Stay Up-to-Date: Thailand’s DBD Issues Clarifications on Shareholders’ Meeting Notice Publication Requirements
Thailand’s Department of Business Development (DBD) recent amendment to the Civil and Commercial Code (CCC) came into effect on the 7th of February. This amendment made significant changes to the CCC, and as a result, some companies have been experiencing a little confusion as to their compliance requirements.
Therefore, the DBD has clarified that even though the amended Civil and Commercial Code (CCC) is now in full effect, companies with articles of association that were drafted in accordance with the previous version of the CCC, will still have to follow the previous requirements for publication of shareholders’ meeting notices.
- The recent amendment to the Civil and Commercial Code came into effect on the 7th of February.
- The new amendment to the CCC changes corporate governance and transactional rules in Thailand.
- If a company’s articles of association were drafted under the previous version of the CCC, they are still required to announce a general meeting of shareholders in a local newspaper.
What amendments were made to the CCC?
The new amendment to the CCC introduces the following changes to corporate governance and transactional rules in Thailand:
- Only two shareholders are necessary to register a company (instead of 3 previously)
- The requirement to submit a notice calling a general meeting of the shareholders will no longer be required to be published in a local newspaper and now only requires the notice to be sent to existing shareholders via post.
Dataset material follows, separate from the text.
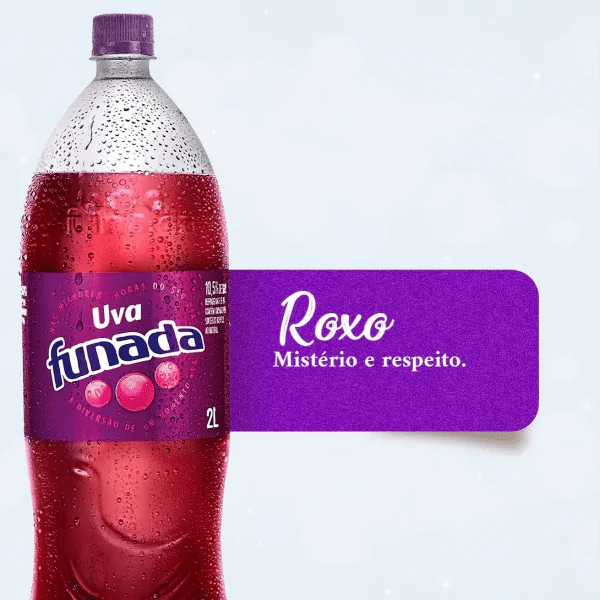 Refrigerante Funada Uva - 2L - Imagem 2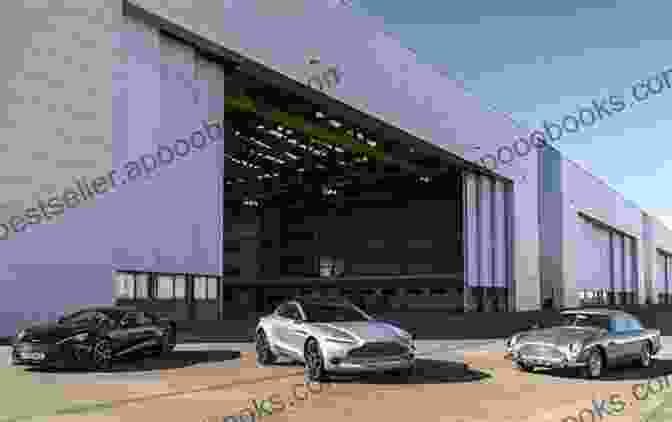 Aston Martin Manufacturing Facility Aston Martin Engine Development: 1984 2000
However, if a company issues bearer certificates, a notice calling a general meeting of shareholders must still be published either in a local newspaper or via electronic media.
- At least two shareholders must be present to pass any resolution during a general meeting of shareholders. These shareholders can be current in person or via proxy and must represent at least one-quarter of the company’s capital.
- Distributing dividends must be completed within one month of a shareholders’ meeting or the directors passing a resolution on dividend payment.
- A company may be dissolved by court order due to the number of shareholders decreasing to one.
Where has the confusion arisen?
Under the newly amended CCC, the requirement for companies to publish a notice for the calling of general shareholders meeting in a local newspaper has been removed. Now companies can call a general meeting of shareholders by either;
- sending a notice by post (acknowledgment of receipt) or,
- delivering the notice in person.
Please note that any company that has issued share certificates to bearers must publish a notice in a local newspaper or via electronic means.
Despite these new updated requirements, the DBD has stated that the new CCC will not result in a universal change in how companies are required to inform their shareholders about the calling of a general shareholders’ meeting. Therefore, if a company’s articles of association were drafted under the previous version of the CCC, it is still a mandatory requirement for them to announce a general meeting of shareholders in a local newspaper.
If a company wishes to follow the new amendments and no longer has to publish this announcement in a newspaper, it will have to modify its articles of association.